In many ways I think I was a better writer thirty years ago. But then I started having health problems that led to problems with my thinking abilities--I was going to say deterioration of my brain. Brain deterioration sounds worse to me than it actually was. Pretty bad, though. I worried that I had Alzheimer's. I was twenty-nine when I began to notice the problems. I started misspelling words that I usually never misspelled. I used incorrect words when I was talking and would lose my train of thought. It reached the point that I was afraid to talk to people--I stumbled over words so much and couldn't form a coherent sentence.

Gradually my brain seems to be returning to normal. Whatever normal is. By that I mean that I can string a few words together now without people ROFL. Well, maybe they are behind my back. (Some people still may not know that ROFL means "rolling on the floor laughing." I won't mention any names here.)

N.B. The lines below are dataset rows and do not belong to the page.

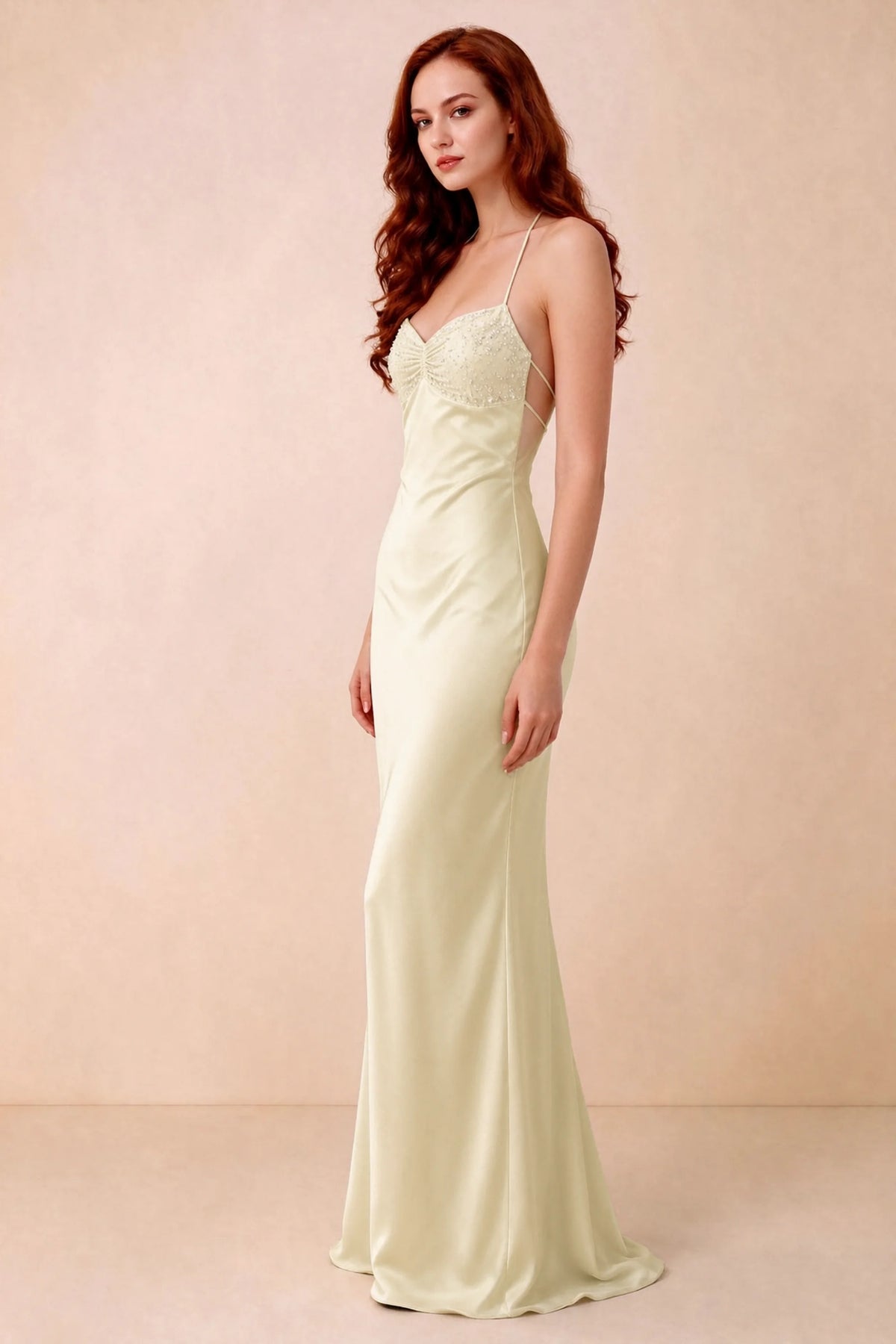Three-quarter studio view of Blanche lemon dress showing the fitted hips and flared long hem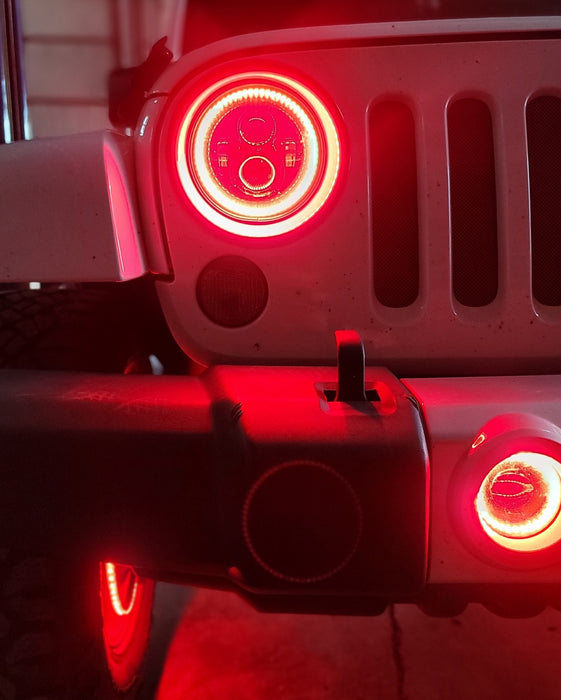 Close-up on the front end of a Jeep with High Performance 20W LED Fog Lights installed, and red halos on.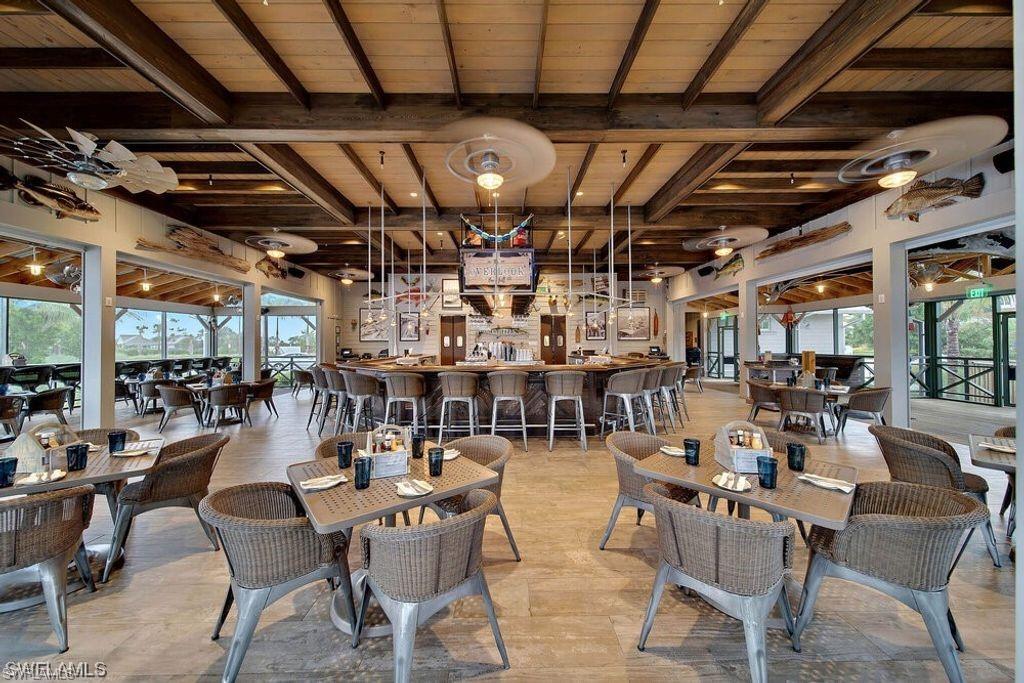 6809 Bequia Way Naples, FL 34113 - Photo 43 of 46 Dining space featuring healthy amount of natural light and a wood ceiling with exposed beams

Hopefully my brain is functioning well enough for these words to make sense. Praise God. Perhaps by going through the deep fog I can now see even clearer. "Gone are the dark clouds!"

Writing Is Easy

English is like the Blob. Anyone see that movie? Steve McQueen is my favorite actor! (But I digress.) The Blob grows larger and larger, devouring all in its path. Trying to write the "right" way can devour you or at least leave you paralyzed with fear. If we as Christians are allowing the Blob to keep us from writing or teaching others, we need to figure out how to escape its clutches. Hold on. The Blob doesn't have clutches. . . . to escape its blobiness??? Writing is so easy. Doing it correctly is the hard part. I have been reading about writing for many, many years, and I'm still learning. I learned something new today. I was told to try to avoid "as." I think I understand why this is true. Many times it is used incorrectly. For example: As he ran to his house, he burst through the door screaming. This construction implies that he's running and bursting through the door at the same time. Impossible. But I would think that this would be okay: As he ran to his house, he got a catch in his side. Wouldn't it?? Some say not to use it like this: As the eagle soars, so does my heart. I suppose they would think this is better: The eagle soars like my heart. Yuck! That would really ruin one of my favorite hymns (also in Psalms): As the deer panteth for the water, so my soul longeth after thee. How could it be phrased more beautifully??? By the way, our tax system is like English grammar which is like the Blob. Unwieldy, not fully understandable and detested by many. The tax system is actually more Blob-like since it does actually devour people. Can anyone tell I'm dreading doing my taxes?